# EXT4: ext4_journal_start_sb: Detected aborted journal

## msalerno

Kernel: 2.6.31-gentoo-r6

This is making me nuts!  Every few days a partition of mine gets remounted read-only and I find the following entries in dmesg:

 *dmesg wrote:*   

> [13742.018972] end_request: I/O error, dev sda, sector 0
> 
> [13742.018987] ata1: EH complete
> 
> [13742.019057] Aborting journal on device dm-1:8.
> ...

 

There are no other errors being reported via dmesg.

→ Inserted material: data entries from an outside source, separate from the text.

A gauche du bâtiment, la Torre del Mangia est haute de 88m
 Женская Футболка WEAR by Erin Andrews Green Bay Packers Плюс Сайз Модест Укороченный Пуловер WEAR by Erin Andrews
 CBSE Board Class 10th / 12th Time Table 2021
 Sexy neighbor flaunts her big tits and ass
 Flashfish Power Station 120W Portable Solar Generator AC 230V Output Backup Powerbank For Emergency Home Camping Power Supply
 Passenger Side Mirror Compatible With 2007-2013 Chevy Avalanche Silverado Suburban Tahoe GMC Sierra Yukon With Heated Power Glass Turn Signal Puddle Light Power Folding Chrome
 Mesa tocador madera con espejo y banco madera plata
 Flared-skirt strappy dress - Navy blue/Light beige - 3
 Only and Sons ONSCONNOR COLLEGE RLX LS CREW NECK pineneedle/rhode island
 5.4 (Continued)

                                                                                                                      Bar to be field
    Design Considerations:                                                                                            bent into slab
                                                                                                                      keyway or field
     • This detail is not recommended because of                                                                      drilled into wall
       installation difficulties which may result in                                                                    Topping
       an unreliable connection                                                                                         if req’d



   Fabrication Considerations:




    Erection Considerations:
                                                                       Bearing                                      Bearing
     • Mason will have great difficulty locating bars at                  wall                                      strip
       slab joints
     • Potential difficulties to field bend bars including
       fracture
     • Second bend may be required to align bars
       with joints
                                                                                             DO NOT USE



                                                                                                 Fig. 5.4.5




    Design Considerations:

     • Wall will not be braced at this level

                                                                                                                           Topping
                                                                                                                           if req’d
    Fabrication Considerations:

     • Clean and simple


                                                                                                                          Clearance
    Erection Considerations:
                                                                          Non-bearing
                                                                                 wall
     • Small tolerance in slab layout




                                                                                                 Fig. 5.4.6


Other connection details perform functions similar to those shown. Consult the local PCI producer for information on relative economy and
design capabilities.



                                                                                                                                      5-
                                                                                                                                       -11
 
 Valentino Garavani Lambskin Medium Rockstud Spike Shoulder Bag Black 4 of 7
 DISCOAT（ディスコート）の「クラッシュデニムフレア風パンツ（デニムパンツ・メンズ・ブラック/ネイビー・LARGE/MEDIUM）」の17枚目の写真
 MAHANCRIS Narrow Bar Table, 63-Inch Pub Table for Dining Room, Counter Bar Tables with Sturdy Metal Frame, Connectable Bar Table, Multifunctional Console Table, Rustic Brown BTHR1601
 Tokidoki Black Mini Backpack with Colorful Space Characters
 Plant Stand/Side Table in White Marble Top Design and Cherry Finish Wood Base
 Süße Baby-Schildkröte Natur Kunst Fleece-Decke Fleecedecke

I have read through a bunch of posts and docs, and have not found a valid solution.  smartctl reports nothing out of the ordinary, no visible errors.

 *smartctl wrote:*   

> Seek_Error_Rate = 0
> 
> Seek_Error_Rate = 0
> 
> UDMA_CRC_Error_Count = 0
> ...

 

This is pretty much standard across all paritions except /boot:

Filesystem features: has_journal ext_attr resize_inode dir_index filetype needs_recovery extent flex_bg sparse_super large_file huge_file uninit_bg dir_nlink extra_isize

What else can I check?

Anyone?

----------

## forkboy

This drove me absolutely mad for months.   Here is my thread.  I ended up replacing the hard drive.

----------